:: Available data

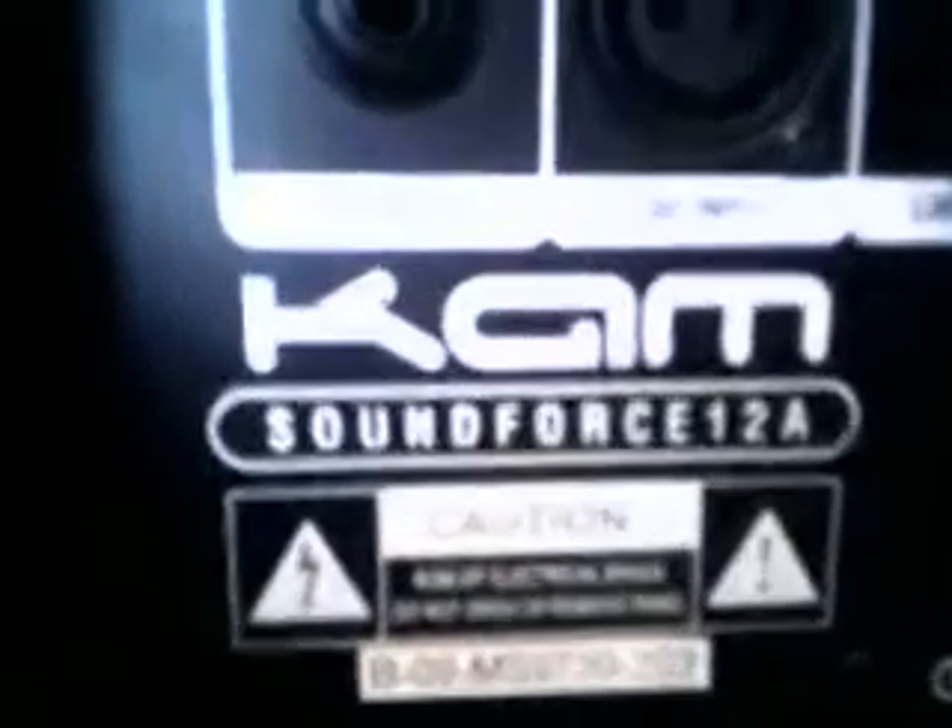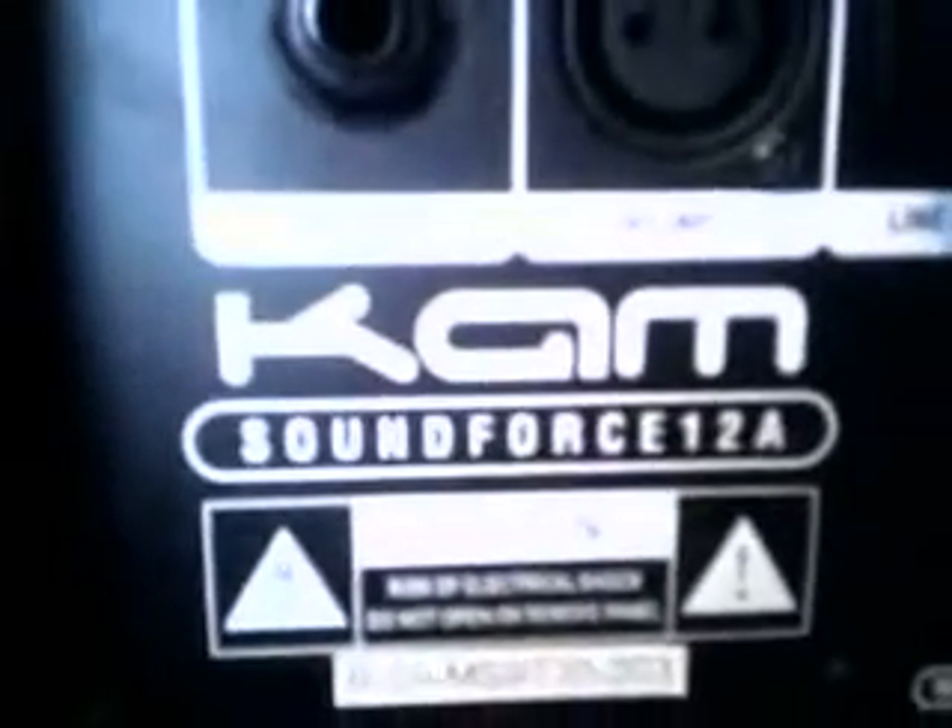Hello. This is a review on CAM Soundforce 12A. These are 250-watt RMS.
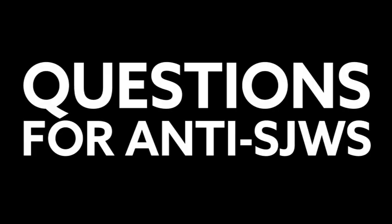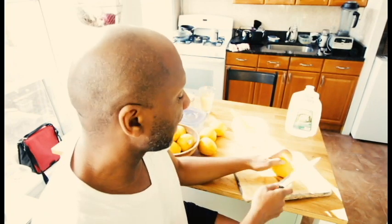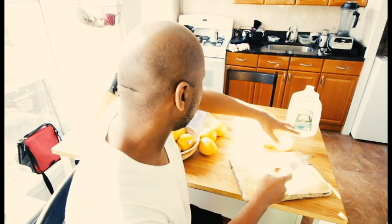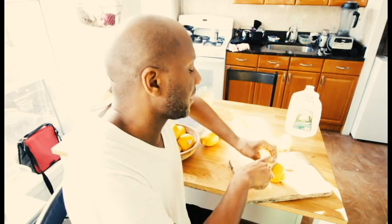Hey, I'm gonna cut up some lemons and talk to you guys for a little bit. Good morning — it's Sunday, the day after Earth Day 2017. I've just walked Jack and I'm gonna make a batch of lemonade as part of this master cleanse. I'm not going to focus too much on the master cleanse itself though.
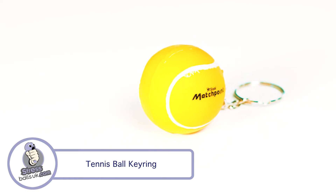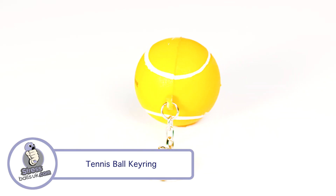It can also be ordered as a special creation in any Pantone colour, but please contact us for pricing for this option.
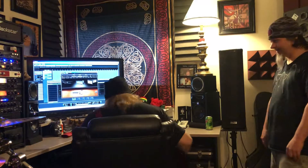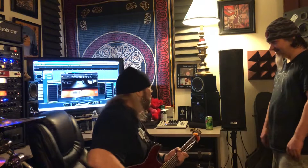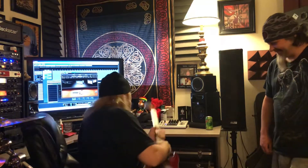This is just the clean channel. I'm in drop C — probably not the best tuning for a demonstration, but anyway. I'm using a Schecter Hellraiser with EMGs.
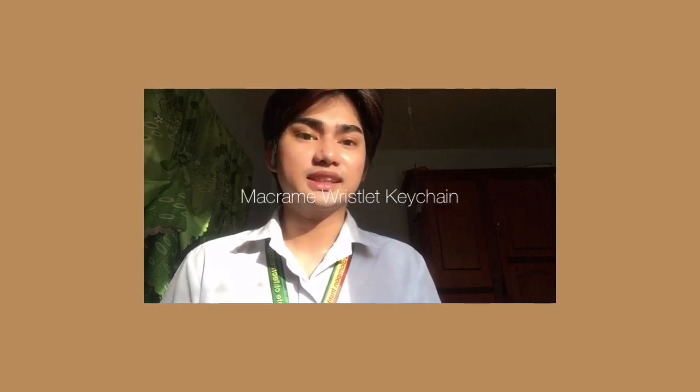Good day everyone, this is me Rembrandt V. Baranda, a third year student of Bachelors of Technology and Livelihood Education in Palungpun Institute of Technology, Tabango. In today's video, I'm going to show you how to make my Macrame bracelet keychain.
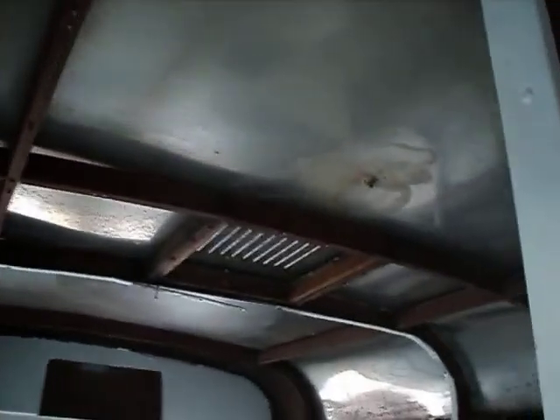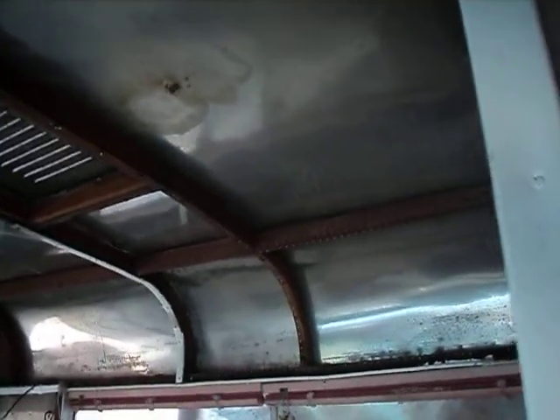And the frame — now that all the Swedish pegboard has been taken out, we're starting to see what we have. And we've got more rot, of course, through here. It's not too bad in some of those areas in the back.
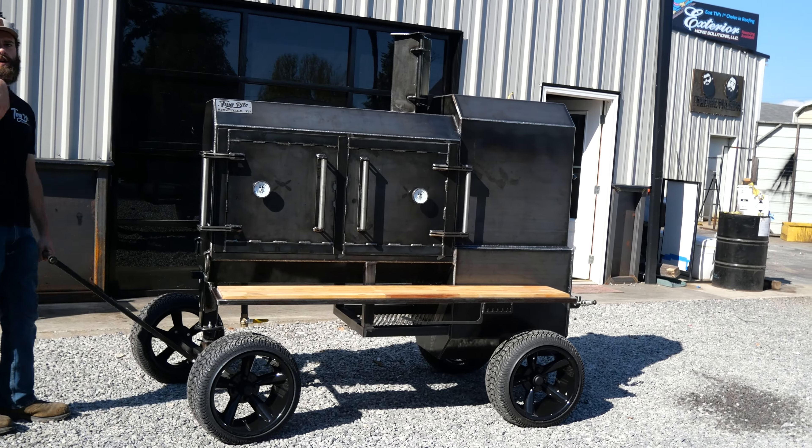That is Steve's Fridge 48 — I'm going to get it ready to ship out. Now all I'm doing is waiting on y'all. If you need a custom pit built, you know what to call: TMG Pits, Knoxville, Tennessee.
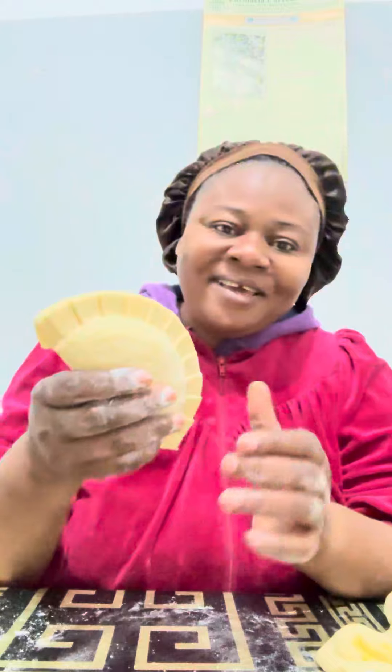And voila. This is your meat pie. A beautiful meat pie. Can you see? Thank you.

::::

Produce the lines from the first line of the entries through the line that contains "Hey, I'm gonna", exactly, leaving the pictures behind.

Solution for this problem:
Hello. This is a review on CAM Soundforce 12A. These are 250-watt RMS.
Hey, I'm gonna cut up some lemons and talk to you guys for a little bit. Good morning — it's Sunday, the day after Earth Day 2017. I've just walked Jack and I'm gonna make a batch of lemonade as part of this master cleanse. I'm not going to focus too much on the master cleanse itself though.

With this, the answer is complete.